I’m going to start 2017 with a confession: I have lost my faith in art. With everything that’s going on, putting a pencil to paper, or a brush stroke on a canvas—or whatever your medium—seems like a frivolous activity. Why create something in the reclusiveness of your studio only to then show it in the sanctity of art spaces to other like-minded people? How is that creating the change that is so desperately needed now?

This idea of “desperate change” or “making an impact” seems to be filling the air inside of my own personal echo chamber. We all need to “take a stance,” “rise up,” and be “agents of change.” We need to end hunger, work against climate change, and stop the massacre that is happening in the Middle East. So let’s make a collage! Let’s take some National Geographic magazines and glue a bunch of polar bears on a lonely iceberg drifting in the ocean—maybe that will get everyone’s attention when it is shown at the hip XYZ gallery space that calls itself “progressive” and holds a group growl at the opening in honor of the polar bears. The real impact will happen when it actually sells. At $300, it will put $150 in my pocket, enough to buy more National Geographic magazines and glue because there seems to be a market for this polar bear stuff.

But enough with the attitude: ours is a real predicament: What are artists to do now? What weapons do we have in our arsenal that can initiate change? Others are searching for it: Hyperallergic held Art after Trump, a two-day event of two-minute responses. You can read some of them here. Pratt held a post-election artist discussion where one of the prompts was “Is art capable of contributing to the immediate, tangible change that we are now even more aware is so urgently needed?”

The butterfly effect refers to the idea that small changes can have a big, outwardly resonating impact. We shouldn’t be thinking of a linear cause and effect, because sometimes you can’t trace everything back to one or two simple decisions. But the complex mixing and sums of our everyday decisions do matter—collectively they have the power to alter the shape of things to come.

Yes, we should sign petitions, we should gather at city buildings in protest, but we shouldn’t let our lust for instant gratification get the best of us. The pursuit of change can be frustrating, and there will be setbacks. But with each small change we commit to in our daily lives we must believe that we are altering the course of the future—if not for us then for generations to follow.

So how am I going to regain my faith in art and the art world in 2017? Through a small but consistent and ongoing gesture: by being present. No grandiose actions are needed. There will be change slowly bubbling up to the surface—the only thing constant is change—and I want to be there when it happens. Someone somewhere will do something or make something great. I want to be in the front row to applaud it: art needs (and often deserves) feeback and an audience. The sign at a middle school in my neighborhood reads “80% of life is just showing up” and this will be my motto for the New Year. We have to show up because it’s too simple to just say ‘screw it’, and the populist forces who want art to go away would love it if we all just stopped showing up.

Go See Some Art

As you can see from Glasstire’s event listings, there are lots of things happening all over this state. “GO SEE SOME ART” is what we say every week at the end of our Top 5 countdown video.

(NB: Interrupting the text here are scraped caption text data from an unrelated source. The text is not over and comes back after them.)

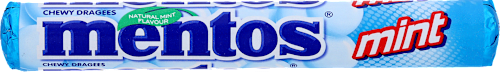 Cukierki do żucia o smaku miętowym mentos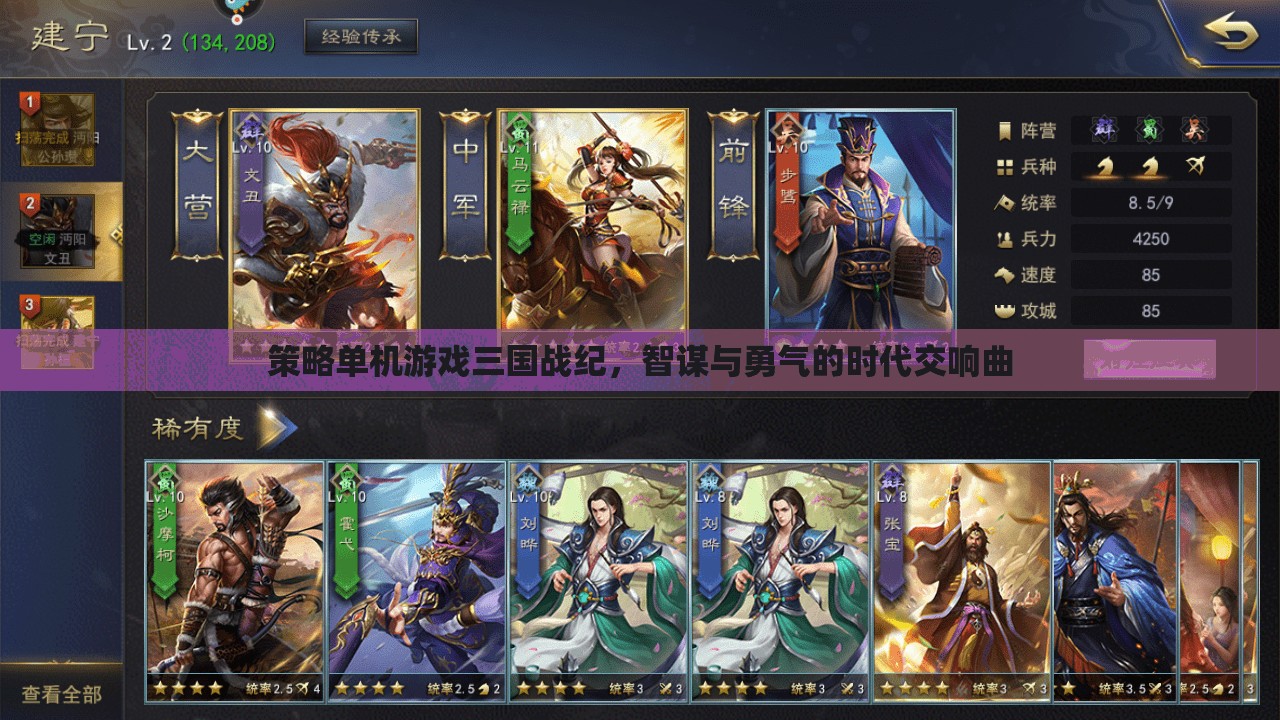 智勇交響，三國戰(zhàn)紀(jì)策略單機(jī)游戲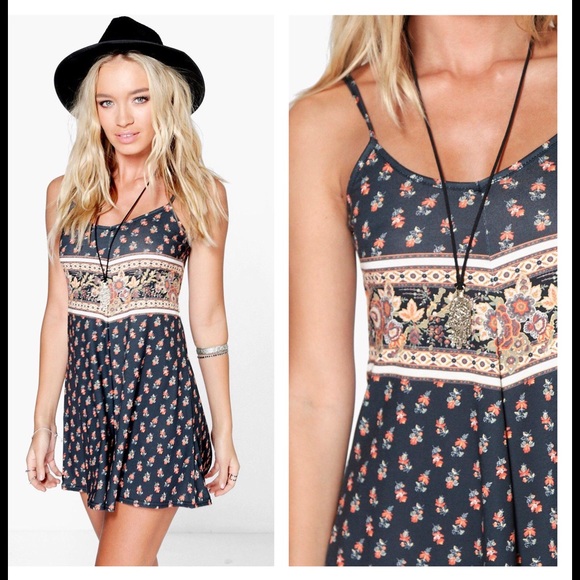 ASOS Dresses & Skirts - NWT Boho Floral Romper Sz 6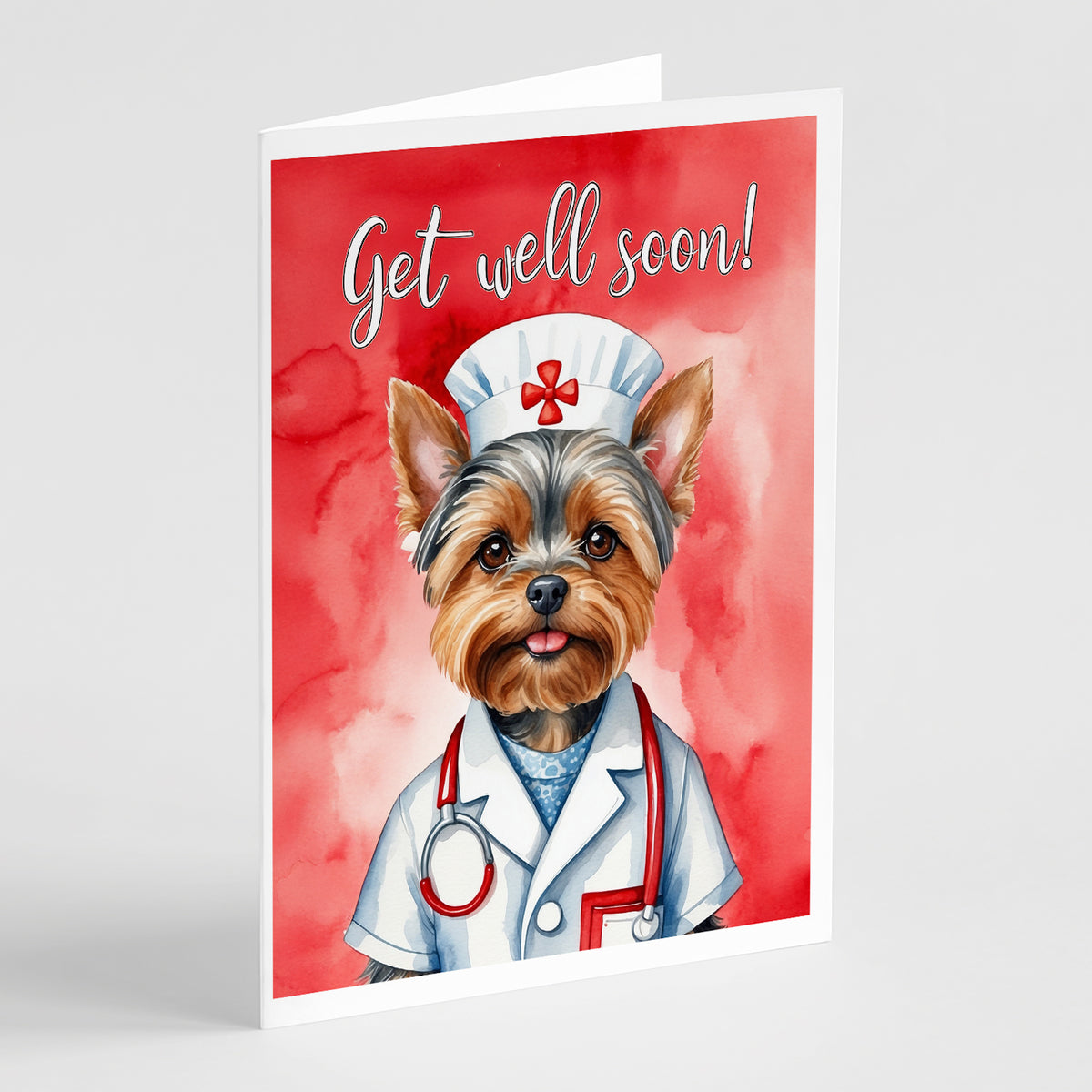 Buy this Yorkshire Terrier Get Well Soon Greeting Cards Pack of 8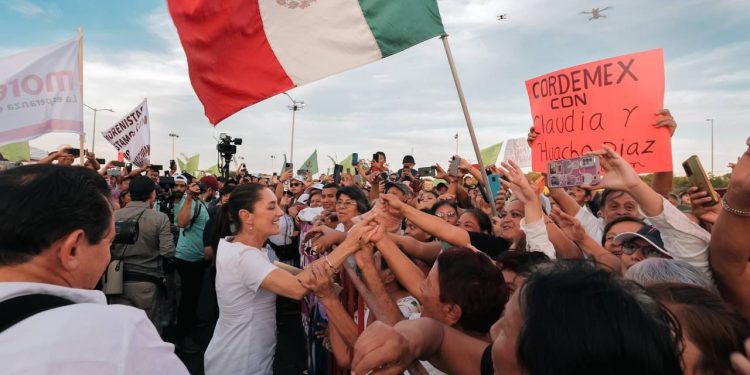 CLAUDIA SHEINBAUM Y JOAQUÍN DÍAZ MENA ANUNCIAN ‘’RENACIMIENTO MAYA’’, EL PROYECTO PARA FORTALECER LA PROSPERIDAD DE YUCATÁN A TRAVÉS DEL TREN MAYA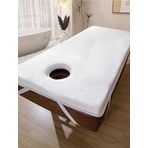 Futon yatak, elastik bantlı hafızalı köpük yatak pedi, yumuşak ve nefes alabilir, 5 cm, beyaz, S beden, dinlendirici bir uyku için basıncı dengeler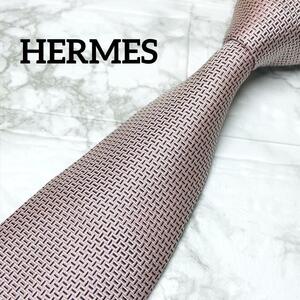 至高のソリッドタイ　HERMES エルメス ネクタイ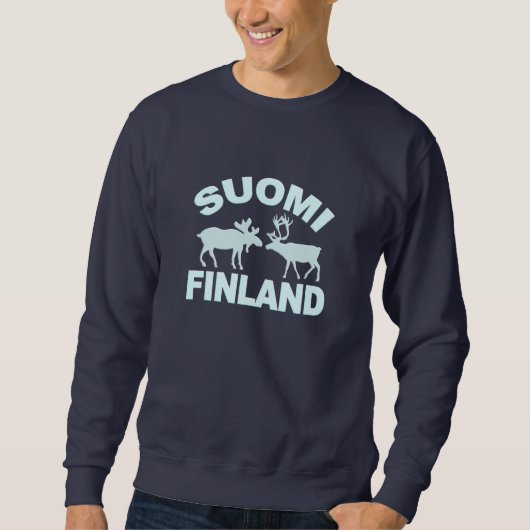 Finland Moose & Reindeer shirt - kies stijl (Voorkant)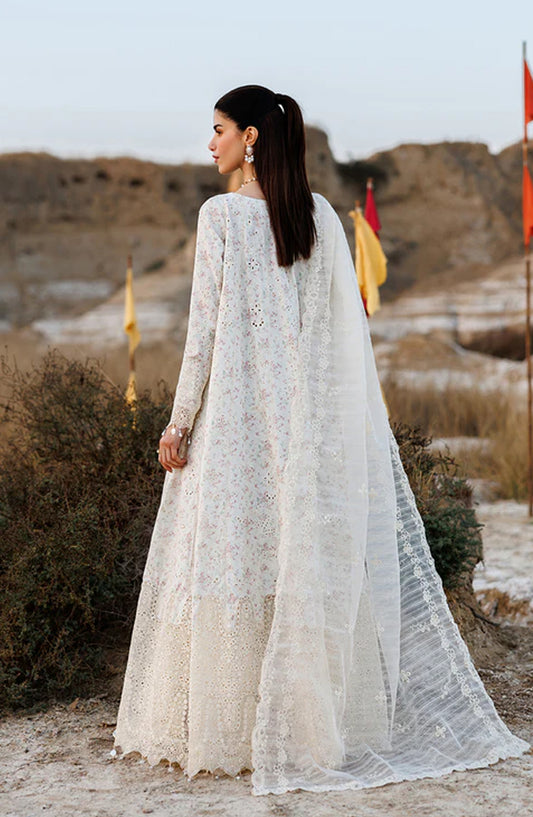 Sunlit Groove by Emaan Adeel Embroidered Lawn Unstitched 3 Piece Suit - SUNKISSED - ED26SNG - White - Summer Collection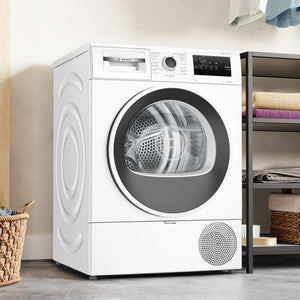 Bosch - Asciugatrice con pompa di calore, 8 kg, serie 4, Easy Clean, AutoDry, Antirughe, Bianco, WTR85V00ES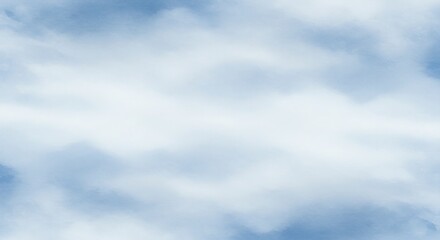 Obraz premium Serene Blue Sky Cloud Background Soft Watercolor Texture Peaceful Atmosphere Abstract Nature Image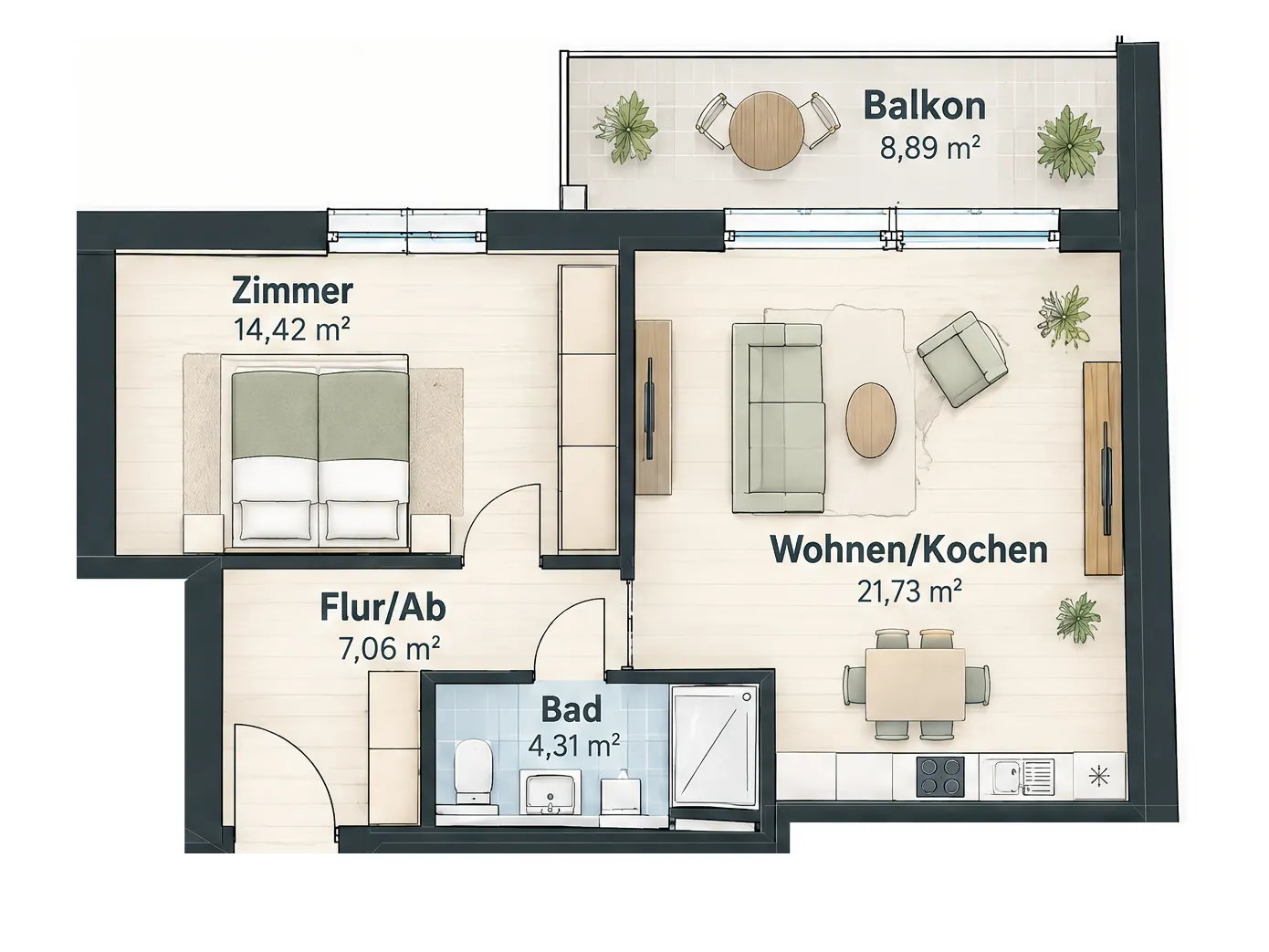 Grundriss Wohnung 06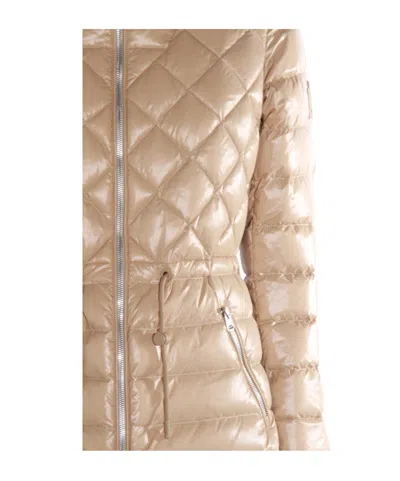Mackage Light Camel Nylon Down Jacket In Brown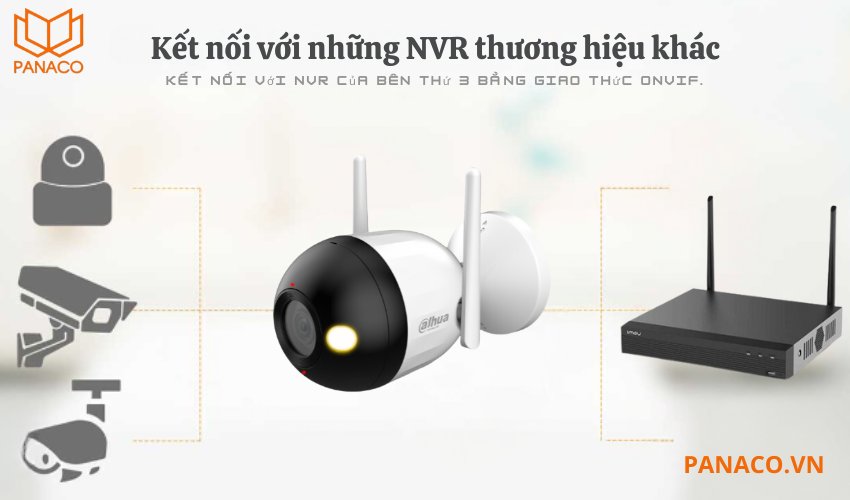 Dễ dàng kết nối camera an ninh Dahua với các thiết bị khác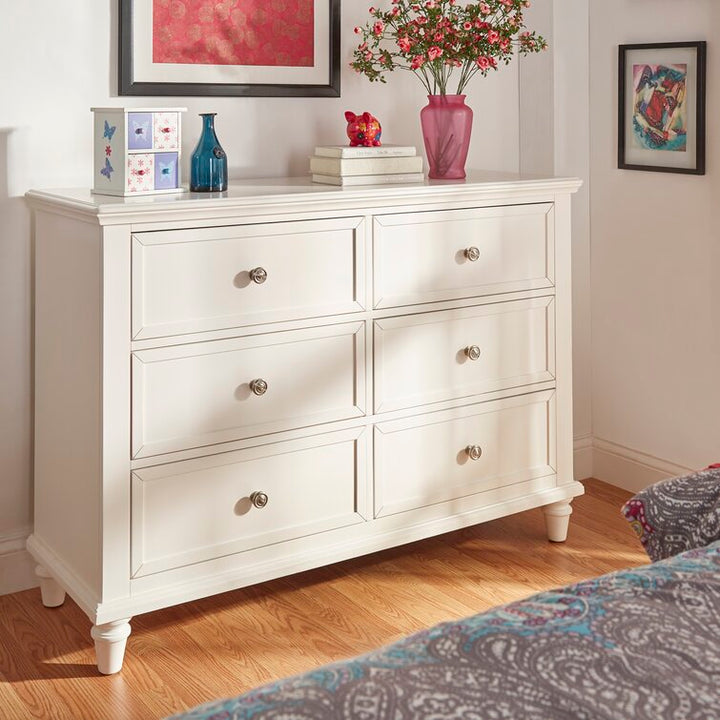 Rae 6 Drawer Double Dresser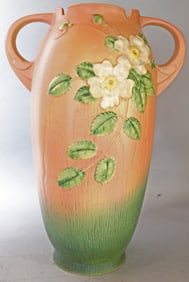 Roseville White Rose 9911-18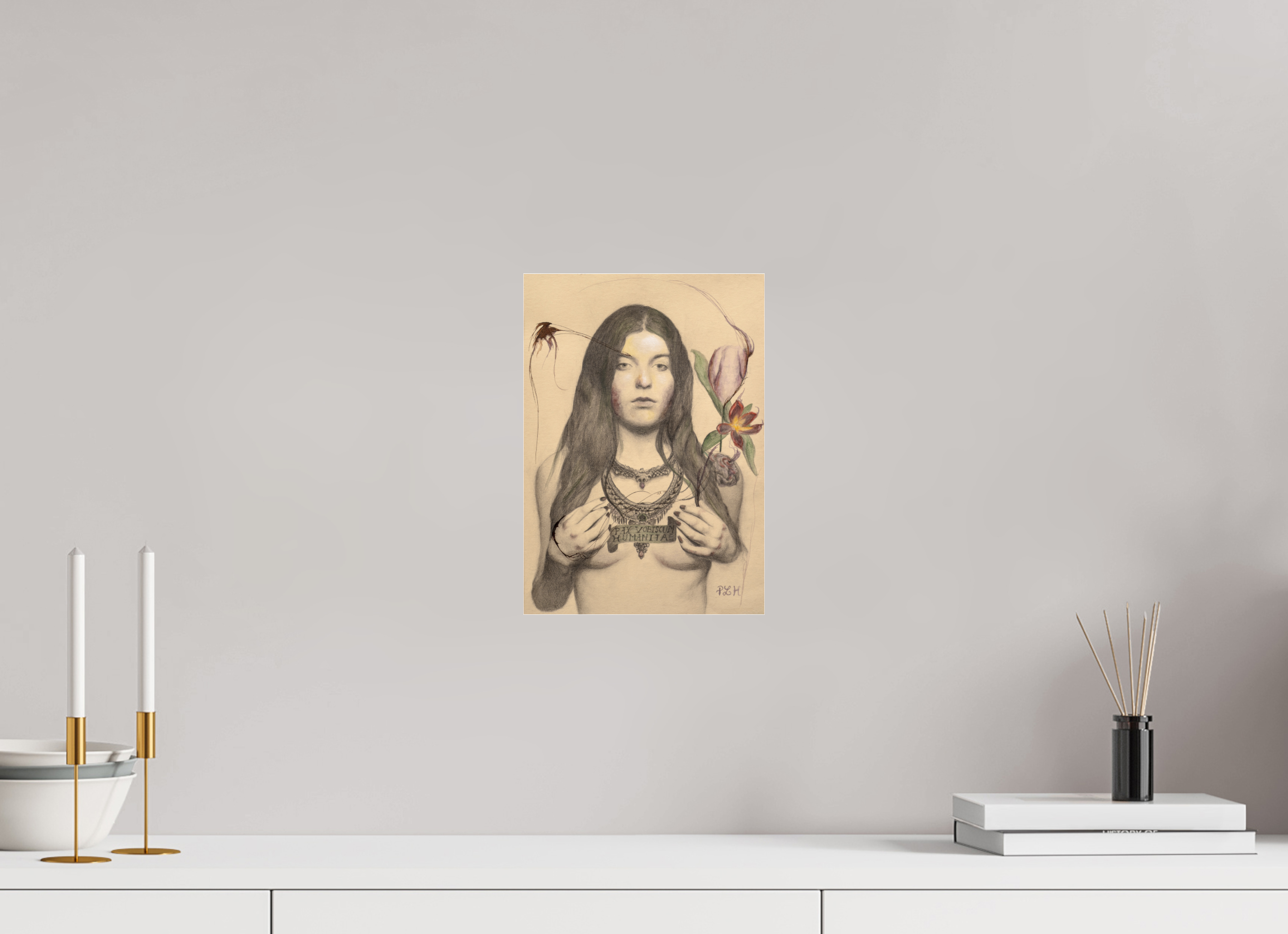 ISO A4 (21 x 29,7 cm), Photo Print Under Acrylic Glass Paix à vous humanité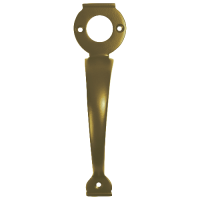 A PERRY Solid  Long Throw Lock Gate Handle  - Polished Brass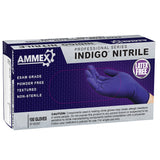 AMMEX Indigo Nitrile PF Exam Gloves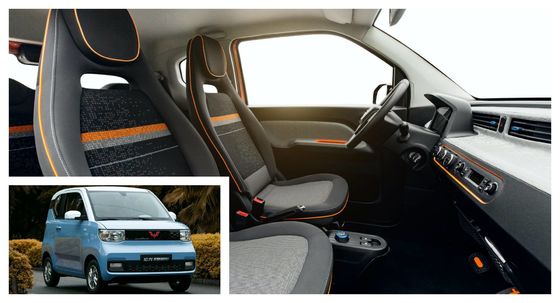 120km range Wuling Electric Vehicles RWD 3 Door 2 Box 4 Seater Electric Mini Car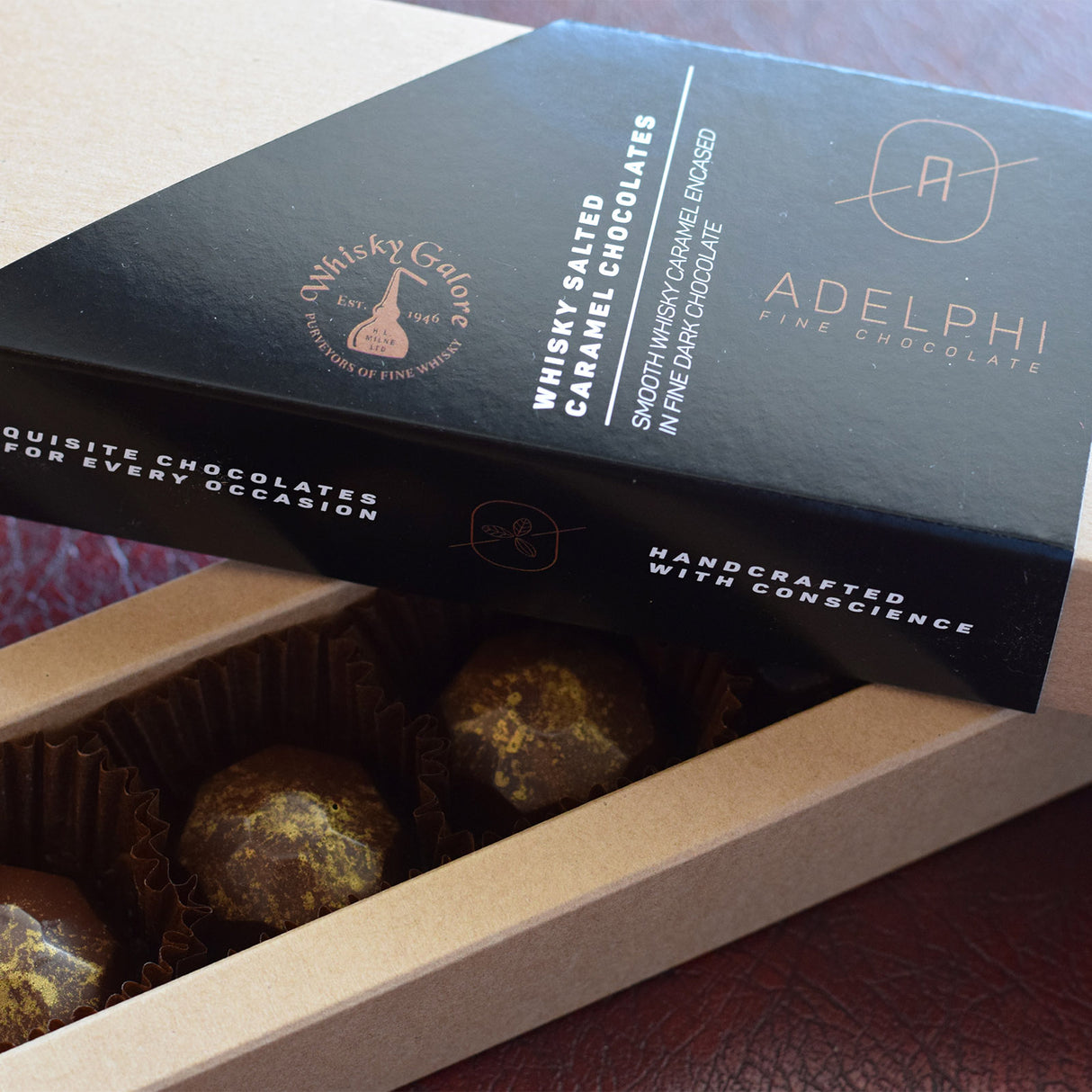 Adelphi Salted Caramel Chocolates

Since I work at Glasstire, and probably because of it, I have to say I’ve never paid a lot of attention to the phrase—it’s just the gimmicky quip we say smilingly into the camera, or put on our promotional koozies. But those four simple words might be the key to regaining our faith in art and in this crazy world.

Support your local art scene—the people and spaces that encourage conversation. Attend an opening. Maybe bring a friend who has never been. Be there for an artist nervously talking about their work. And if you like their work, tell them! Stay curious. Cram into theaters and lecture halls, into row houses and warehouses to listen to someone discuss something new with conviction. And if you can, make genuine art that matters to you—not to the gallerists or collectors or grant reviewers. And have some fun while you’re at it. I think we all need a good laugh.

We need to refocus on where we can make a difference, and have faith that in the end these small, intimate interactions will affect the larger outcome for the better. If 80% of life is just showing up then I’m going to be there.

Here’s to an active 2017. Go see some art. I know I will.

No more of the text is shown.